- [PROBLEM REQUIREMENTS]: From the records below, please print only the lines from the one containing "Purple LED Outdoor" through the one containing "Raven - Corvus Corax, Girit", both included. Skip the pictures.

- [EXCERPTED DATA]:

┄┄┄┄┄┄┄┄┄┄┄┄┄┄┄┄┄┄┄┄

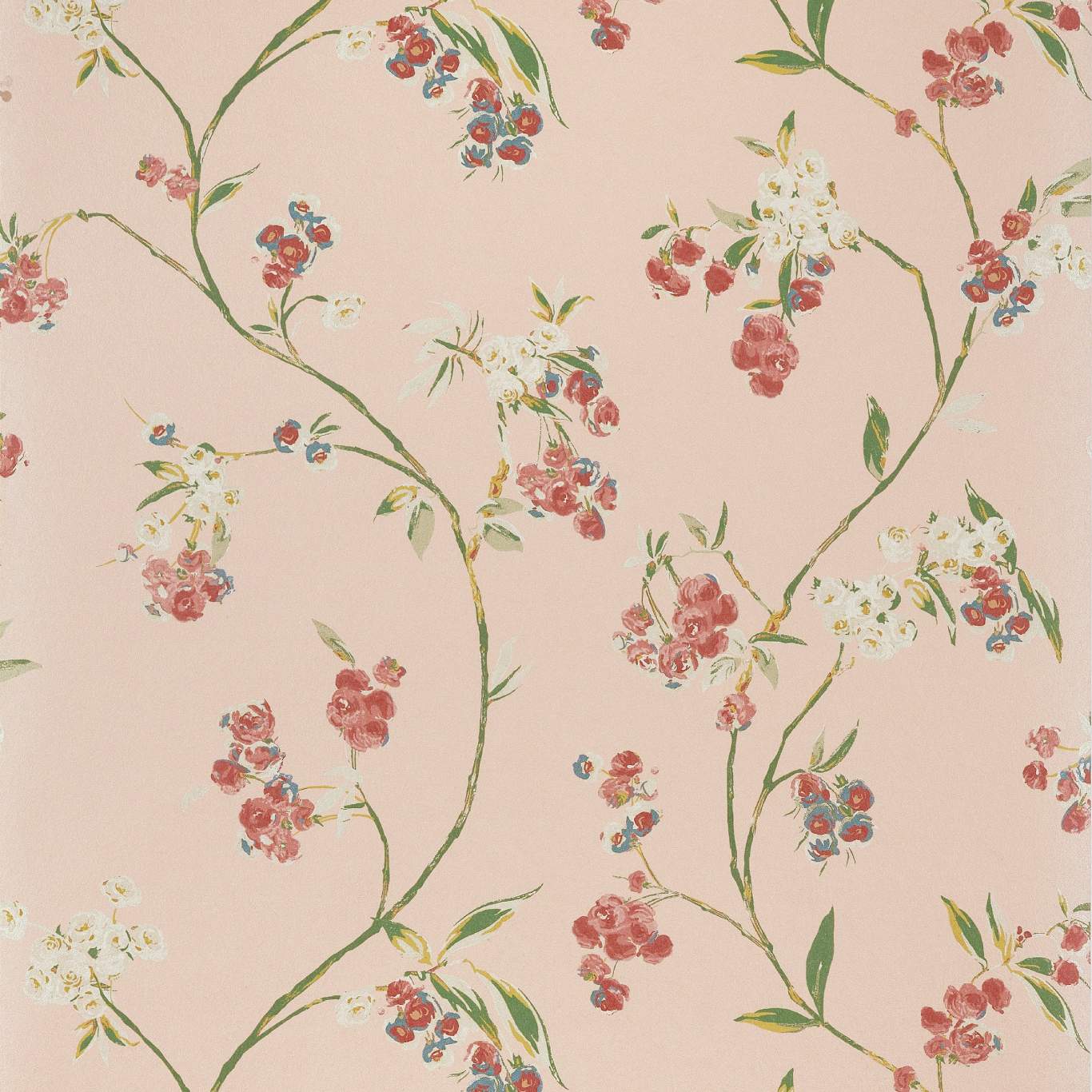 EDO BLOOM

┄┄┄┄┄┄┄┄┄┄┄┄┄┄┄┄┄┄┄┄

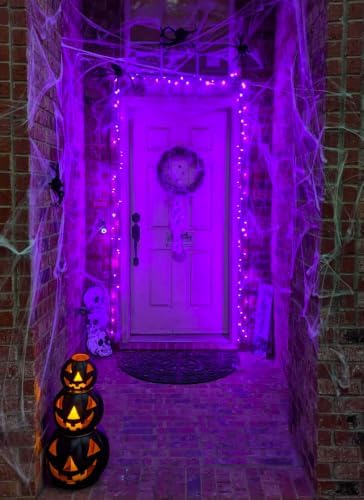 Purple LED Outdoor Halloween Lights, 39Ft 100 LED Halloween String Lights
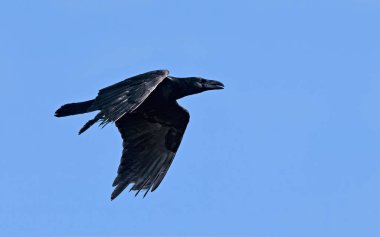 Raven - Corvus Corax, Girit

┄┄┄┄┄┄┄┄┄┄┄┄┄┄┄┄┄┄┄┄

- [RESPONSE FOR THIS EXERCISE]:
 Purple LED Outdoor Halloween Lights, 39Ft 100 LED Halloween String Lights
 Raven - Corvus Corax, Girit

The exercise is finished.